USC Shoah Foundation — The Institute for Visual History and Education and Nanjing Massacre Memorial Hall have embarked on a historic effort to preserve the testimonies of the last survivors of the 1937 Nanjing Massacre, also known as the Rape of Nanjing. Testimonies in the new Nanjing collection seek to establish full-life histories of the individuals, including their social and cultural life before and after the Nanjing Massacre.
On Dec. 13, 1937, the Japanese army captured what was then China’s capital city, Nanjing, and killed as many as 300,000 civilians and numerous unarmed Chinese soldiers over the course of two months.
The testimonies will add new perspectives and knowledge to the history of the Nanjing Massacre and will be integrated into the institute’s Visual History Archive in February.
The interview procedure was informed by the institute’s experience in having gathered testimony from survivors and witnesses of the Holocaust, and survivors and witnesses to both the Cambodian and Rwandan Tutsi genocides. This new collection is added to the existing collections of Nanjing Massacre Memorial Hall, which currently holds around 4,000 testimonies collected mainly in a written form over the last 20 years, as well as a smaller number of audio-visual testimonies that were filmed in the 1990s.
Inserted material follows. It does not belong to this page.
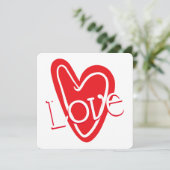 Cool Rode Hart Met LIEFDE Kaart (Staand voorkant)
The memorial hall will play an essential role throughout its international collaboration with USC Shoah Foundation, from survivor outreach to providing their expertise in supporting the interview methodology and process — acting as the crucial link to the Nanjing survivor community and providing expertise in this historical chapter. A local team, whose services were donated by Beijing-based Long Legacy International Communications, a company specializing in large-scale events, filmed the testimonies. A staff researcher of Nanjing Massacre Memorial Hall conducted the interviews. The Siezen Foundation has provided funding for the Nanjing collection.
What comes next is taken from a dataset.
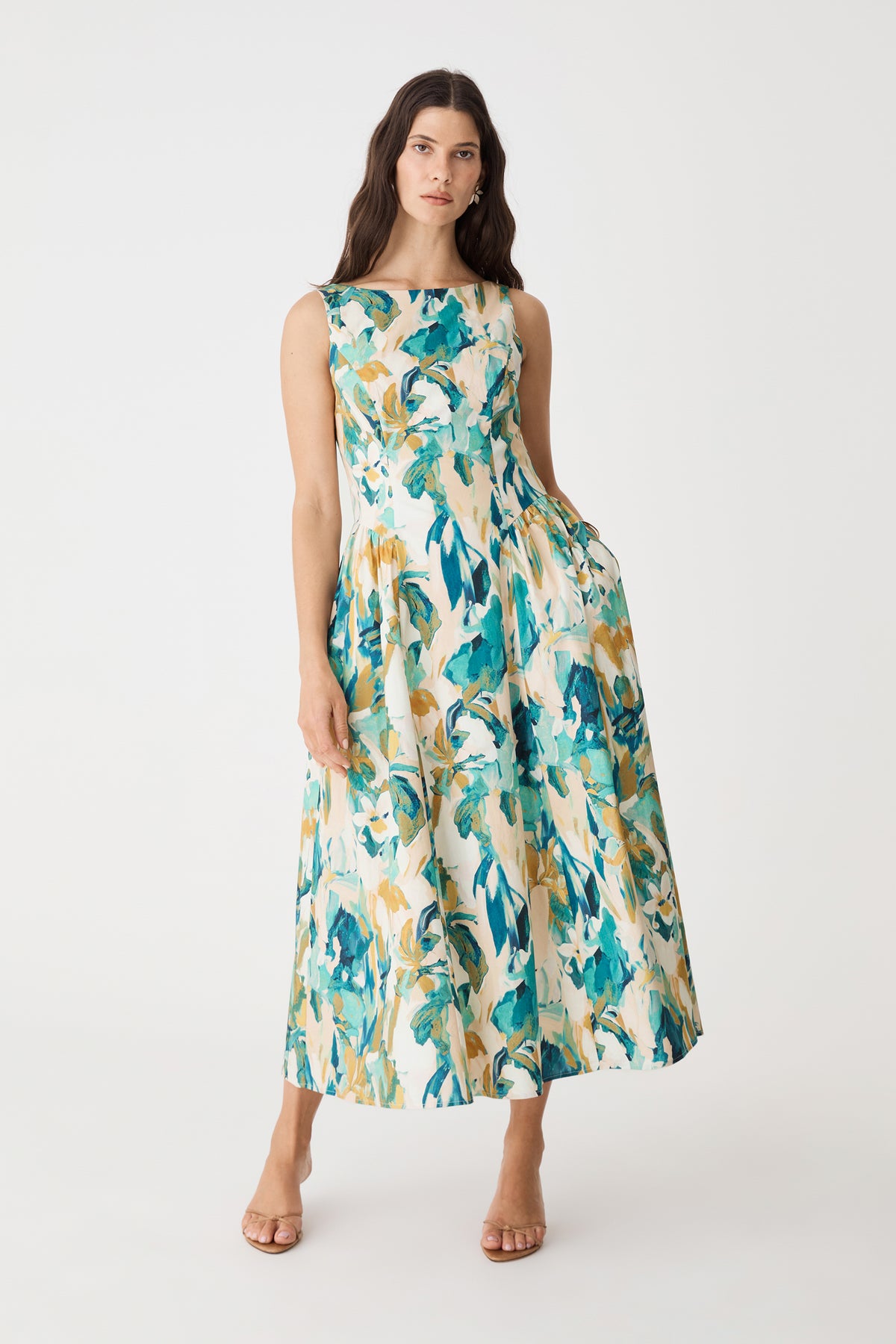 Liza Gather Detail Print Dress in Teal Watercolour floral print, front view worn with heeled sandals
“The collaborative project between Nanjing Massacre Memorial Hall and the USC Shoah Foundation has surpassed any ordinary archival collection or media report on the experiences of Nanjing Massacre witnesses. Through objective and standardized research with historical significance and practical value, it is an insight into both living conditions and psychological conditions of survivors. It will reveal how traumatic memories, tragedy culture and historical ruins may impact on the progress of civilization,” said Zhu Chenshan, director of the memorial hall.
“So many Holocaust survivors have told us that it’s not enough to say ‘never again’ and ignore the suffering of others,” said Stephen Smith, executive director of the USC Shoah Foundation. “The effort to preserve memories of survivors of the 1937 Nanjing Massacre is not only a natural step for the USC Shoah Foundation, it’s a responsibility that we all share together.”
Cecilia Chan, president of the Siezen Foundation, said: “All human beings belong to one race, the human race. People need to learn from atrocities such as the Holocaust, the Nanjing Massacre and other horrific acts of violence. By enabling students to know history through studies of survivors’ testimonies, we can create sustainable behavioral changes in individuals as well as increase positive outcome in the world. The work of the USC Shoah Foundation is vitally important and very worthy of global support.”
With approximately 200 survivors alive today, the need to preserve a significant collection of comprehensive video testimonies has become urgent. The goal is to record up to 100 testimonies with survivors, scholars and experts on video for the Visual History Archive. In addition to being available through the Visual History Archive, the Nanjing Massacre Memorial Hall will receive a full copy of the completed collection.
As the Nanjing testimonies are integrated into the Visual History Archive, they will be made available as a distinct collection within the archive alongside collections of eyewitnesses to other genocides that the institute has collected from Armenia, Cambodia and Rwanda. The institute has long identified the need to preserve memories of other genocides as each collection provides context for the others, enabling scholars to study eyewitness experiences across time, locations, cultures, and sociopolitical circumstances.